Three-dimensional porous Fe0.1V2O5.15 thin film as a cathode material for lithium ion batteries

Three-dimensional (3D) porous V2O5 and Fe0.1V2O5.15 thin films have been prepared by electrostatic spray deposition technique. X-ray diffraction, scanning electron microscopy and X-ray photoelectron spectroscopy are employed to investigate the structures and valence states of the films. Galvanostatic cell cycling, cyclic voltammetry and impedance spectroscopy are used to characterize their electrochemical properties. The Fe0.1V2O5.15 thin film shows much better cycling performance than the non-doped V2O5 thin film. Fe3+ can act as a stabilizing agent in the layered V2O5 and increase the reversibility of the charge and discharge processes towards deeper depth of lithium insertion/extraction. The dissolution of the active material in the electrolyte can also be significantly suppressed in the Fe-doped sample.

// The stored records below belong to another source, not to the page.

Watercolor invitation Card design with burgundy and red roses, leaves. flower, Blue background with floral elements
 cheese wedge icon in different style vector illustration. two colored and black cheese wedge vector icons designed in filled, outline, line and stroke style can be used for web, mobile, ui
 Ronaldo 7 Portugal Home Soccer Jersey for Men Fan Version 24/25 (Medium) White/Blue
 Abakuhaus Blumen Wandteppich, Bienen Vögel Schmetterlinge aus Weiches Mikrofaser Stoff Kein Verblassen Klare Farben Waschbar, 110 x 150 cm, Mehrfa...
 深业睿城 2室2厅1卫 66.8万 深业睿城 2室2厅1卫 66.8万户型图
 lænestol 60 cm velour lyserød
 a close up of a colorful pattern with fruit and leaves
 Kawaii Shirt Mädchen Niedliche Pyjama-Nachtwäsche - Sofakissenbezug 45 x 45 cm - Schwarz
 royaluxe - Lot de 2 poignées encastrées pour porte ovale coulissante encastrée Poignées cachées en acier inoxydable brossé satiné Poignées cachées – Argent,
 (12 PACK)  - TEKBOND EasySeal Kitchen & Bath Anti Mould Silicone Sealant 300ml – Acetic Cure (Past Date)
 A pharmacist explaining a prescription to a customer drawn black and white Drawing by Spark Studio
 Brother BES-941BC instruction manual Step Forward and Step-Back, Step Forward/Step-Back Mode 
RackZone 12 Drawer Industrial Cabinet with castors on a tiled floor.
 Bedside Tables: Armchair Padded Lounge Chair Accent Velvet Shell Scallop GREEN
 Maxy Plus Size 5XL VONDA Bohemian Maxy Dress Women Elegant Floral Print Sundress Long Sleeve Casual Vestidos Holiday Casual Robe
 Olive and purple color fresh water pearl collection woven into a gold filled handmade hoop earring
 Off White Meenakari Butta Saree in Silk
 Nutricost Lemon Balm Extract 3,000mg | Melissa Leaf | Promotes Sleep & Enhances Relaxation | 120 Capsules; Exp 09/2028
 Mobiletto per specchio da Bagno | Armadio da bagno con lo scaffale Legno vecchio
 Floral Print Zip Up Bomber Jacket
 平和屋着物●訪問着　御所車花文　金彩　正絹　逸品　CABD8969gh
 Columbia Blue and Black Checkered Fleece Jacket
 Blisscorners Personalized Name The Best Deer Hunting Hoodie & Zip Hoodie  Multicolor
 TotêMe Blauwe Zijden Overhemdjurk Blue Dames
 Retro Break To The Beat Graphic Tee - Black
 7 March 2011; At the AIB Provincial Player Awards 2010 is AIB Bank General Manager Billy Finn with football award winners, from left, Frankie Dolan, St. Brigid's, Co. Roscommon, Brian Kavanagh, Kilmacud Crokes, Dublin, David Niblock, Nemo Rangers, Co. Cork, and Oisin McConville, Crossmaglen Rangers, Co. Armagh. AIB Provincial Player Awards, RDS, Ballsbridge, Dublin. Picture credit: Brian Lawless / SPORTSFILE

Nevertheless, the Fe-doping causes a slight decrease in lithium ion diffusion coefficient.

► The special 3D-porous structure is a main factor to achieve good rate capability in both V2O5 and Fe0.1V2O5.15 samples.
► Fe-doping improves the cycling stability (195 mAh g−1 after 48 cycles).
► Lithium ion diffusion coefficients are derived in V2O5 and Fe0.1V2O5.15 electrodes.